§ **GIVEN RECORDS**:
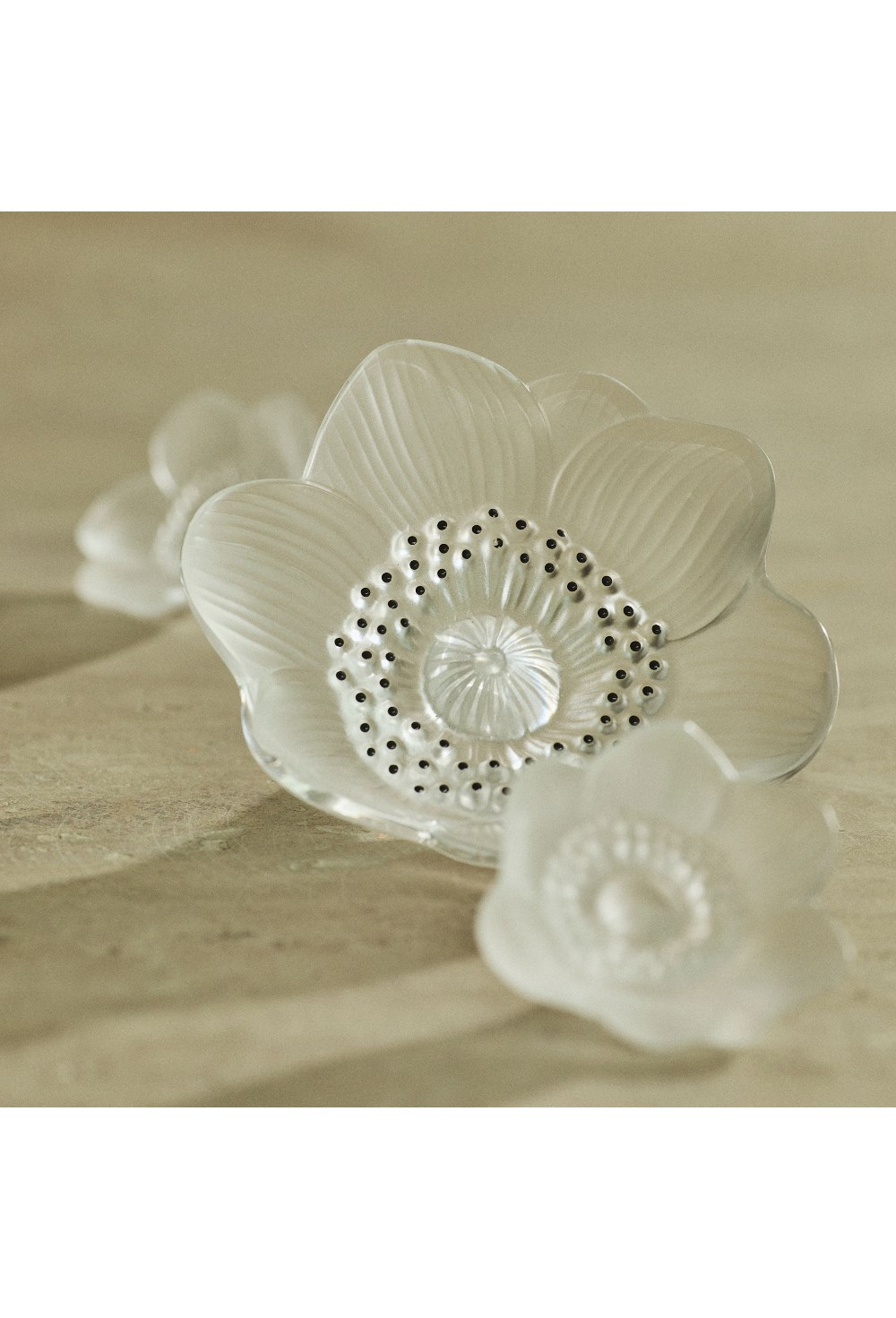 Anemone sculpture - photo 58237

...

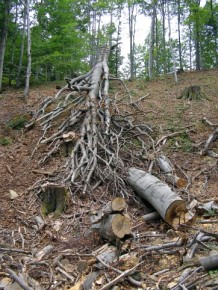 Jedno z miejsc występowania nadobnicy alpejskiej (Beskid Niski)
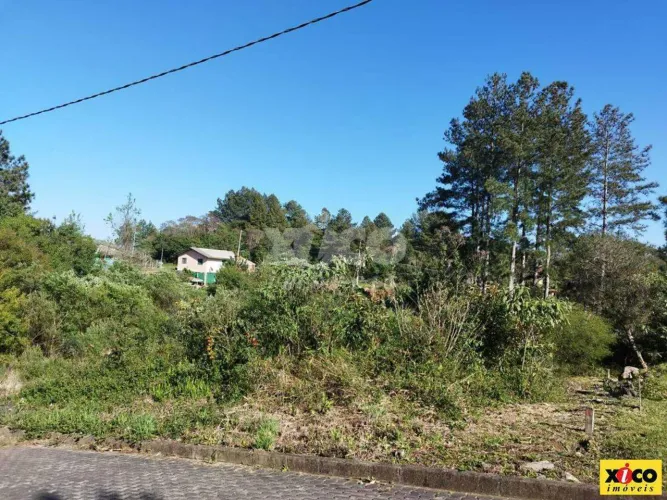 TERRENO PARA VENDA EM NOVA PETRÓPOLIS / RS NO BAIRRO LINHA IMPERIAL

==

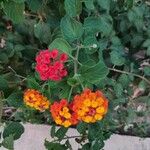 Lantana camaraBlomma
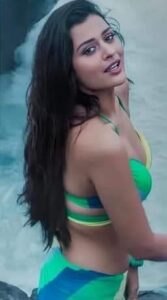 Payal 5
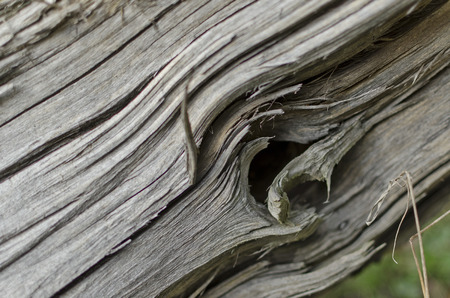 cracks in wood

§ **WORK REQUIRED**:
What are the lines in the records above, word for word, from the one containing "Jedno z miejsc" through the one containing "TERRENO PARA VENDA", both ends included and pictures left out?

§ **EXERCISE RESULT**:
 Jedno z miejsc występowania nadobnicy alpejskiej (Beskid Niski)
 TERRENO PARA VENDA EM NOVA PETRÓPOLIS / RS NO BAIRRO LINHA IMPERIAL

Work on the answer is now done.